The conversation quickly turned to how to do experiments with babies. Why do such experiments take forever to complete? What to do with non-replications?

– “But this is the same with any experiments we have ever done!” – Chris quips. “But why do you think your experiments take a long time to complete? Why are you skeptical about non-replications?”

ET: Here is my claim: The success of a baby experiment is decided by how you instruct the parents, how and where they hold their baby.

Instruction is particularly relevant because it is the parents who coordinate the data acquisition. Without them these experiments simply cannot happen and they are very willing to help. The problem is that they have no experience with such situations. So, in a short session we have to turn them into “experimenters”. Every detail matters. It may seem surprising, but we really have long debates about how to hold the baby during tests, and what is the optimal position. The way a baby is held makes all the difference to their freedom to move. For example when held just under the arms, the mother may exert more influence on the baby than necessary. Also, the baby can easily slip down just slightly. And then eye gaze slides too. It may no longer be on the target you display on the screen. The hold has to be on the hips of the baby.

CF: Experiments stand and fall by how the experimenter instructs the subject.

UF: But isn’t this against the idea that scientific experimentation has to be independent of the experimenter. The whole point is that they can be replicated by somebody else.

CF: Ah, there are critical aspects of instructions, which often don’t get spelled out in methods sections.

ET: The pity is that if a student doing a first experiment fails to replicate a previous result then this throws doubt on the previous finding, when in fact it throws doubt on the student who is still learning and doesn’t yet know how to do the experiment. Only once the student has succeeded in replicating a well known robust finding, can he or she be trusted to do a good job.

CF: When I first worked at the long disbanded MRC Clinical Research Centre, the biochemists (who, mysteriously, later turned into molecular biologists) often said things like: today the reaction just didn’t work. We have to try again.

UF: So it’s not necessarily the sign of an immature and still soft science that you have to be pernickety on exactly how an experiment is carried out. If an experiment doesn’t replicate, there are many possible reasons and does not necessarily mean the previous results are not true.

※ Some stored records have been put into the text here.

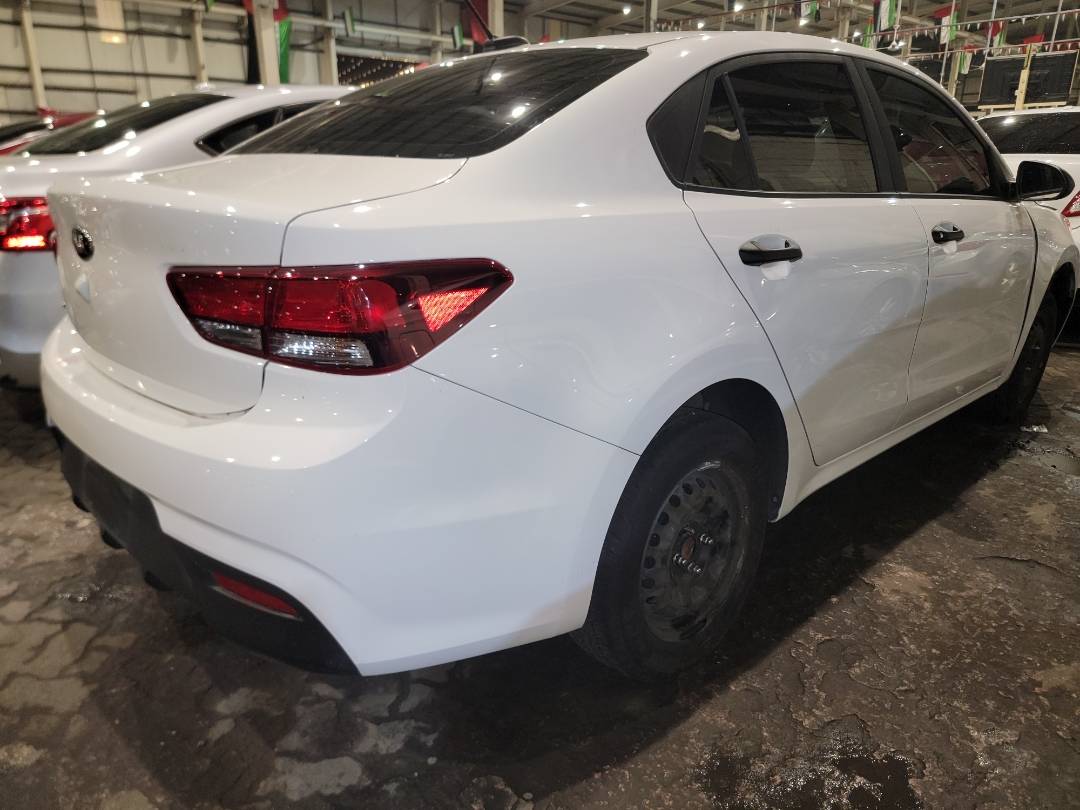 2018 KIA RIO — 76007 Miles — Lot 60425953 - Marhaba Auctions Used Cars - Image 4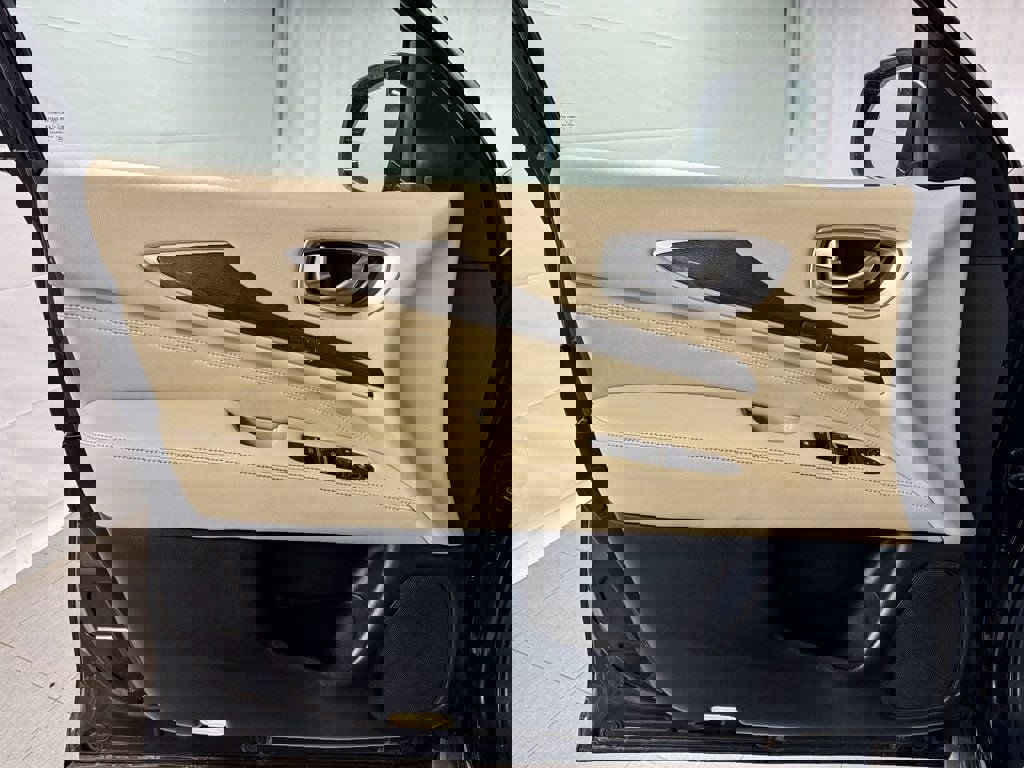 Used 2019 INFINITI QX60 Luxe w/ Essential Package image 14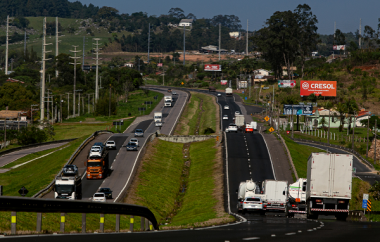 Trecho sul da BR-101 de SC deve receber mais de 730 mil ve&iacute;culos durante feriad&atilde;o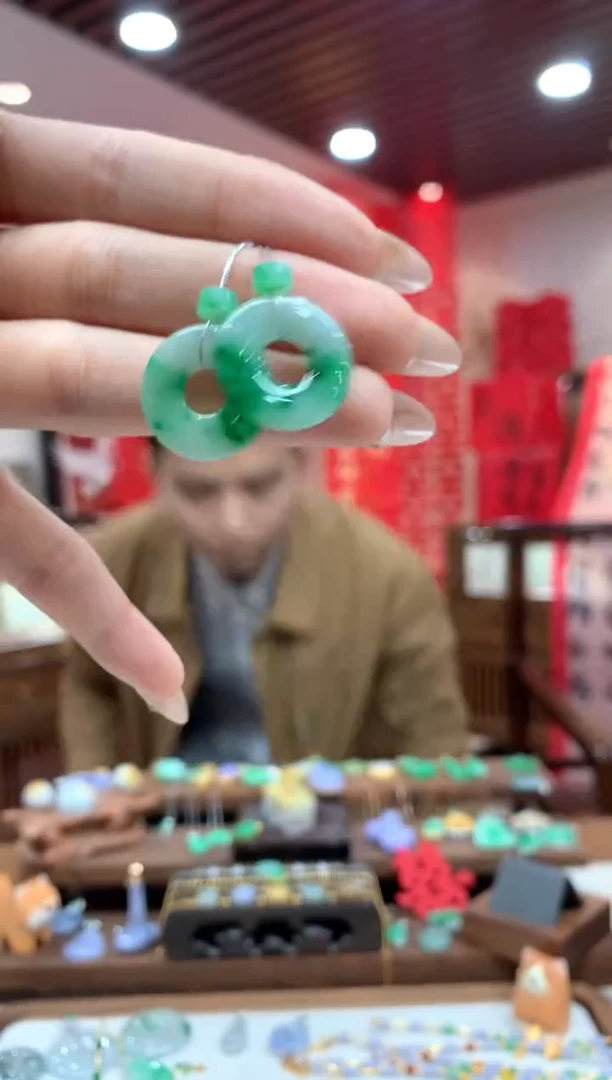 【闪购商品】翡翠耳饰未镶嵌甜甜圈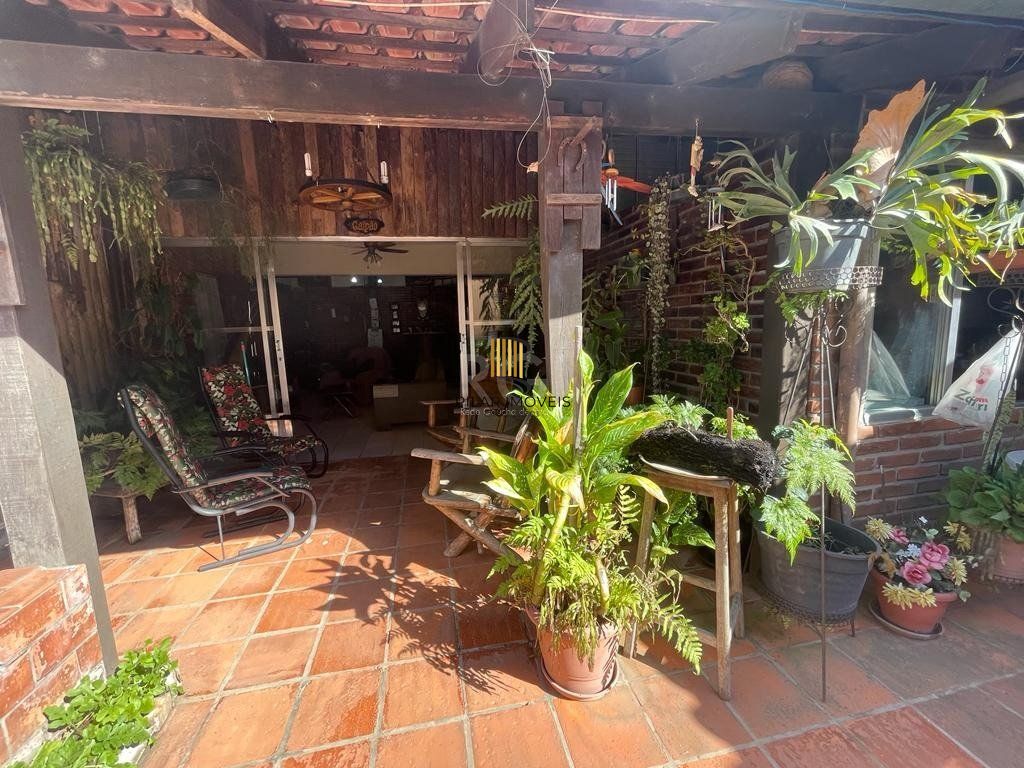 Casa para Venda - 400m², 5 dormitórios, sendo 3 suites, 4 vagas - Ipanema PORTO ALEGRE /RS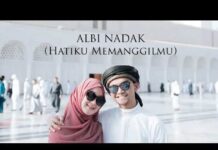 Albi Nadak Lirik Latin dan Artinya Lengkap - Kayla Zamzam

ET: With infants we basically rely on measuring what they are looking at, and for how long they look at it: they look longer at something that surprises them; they get bored and look away when something is highly predictable to them. However, they also look away when something else attracts their attention; when there is some noise, when they feel uncomfortable for some reason. All this makes us extremely careful to have completely soundproof labs, very relaxed mothers, and babies who have only recently woken up and have been fed before we even start the experiment.

– This was the moment when we found out that the coffee Melange with Chili is actually rather spicy, but the honey that served as a bottom layer softened this feeling. “Overall each ingredient plays a role if their interaction is orchestrated by a hand sensitive to details” says Ernö

UF: Is it true that you often don’t get results that you know we should get?

ET: True! Then we go over every step of the procedure and find possible reasons.

UF: Is it okay to eliminate data when you believe there was a slip in the procedure for one particular baby?

ET: Actually you have to do it. You have to eliminate data all the time. If you don’t you include complete nonsense, when for example an infant no longer looks at the target. You need him/her to look to take notice of the scenario you have devised. We have to eliminate usually 20% of the data, if not more. …of course it depends on the experimental protocol: In habituation studies rejection rate can be as high as 50%. The procedure only lasts a few minutes because babies soon tire of watching a simple scenario on video. Sometimes we can only use a fraction of these few minutes.

UF: It makes me marvel not only at the fact that you are so incredibly scrupulous in your procedure but also that you have so many successes with your ingenious experiments.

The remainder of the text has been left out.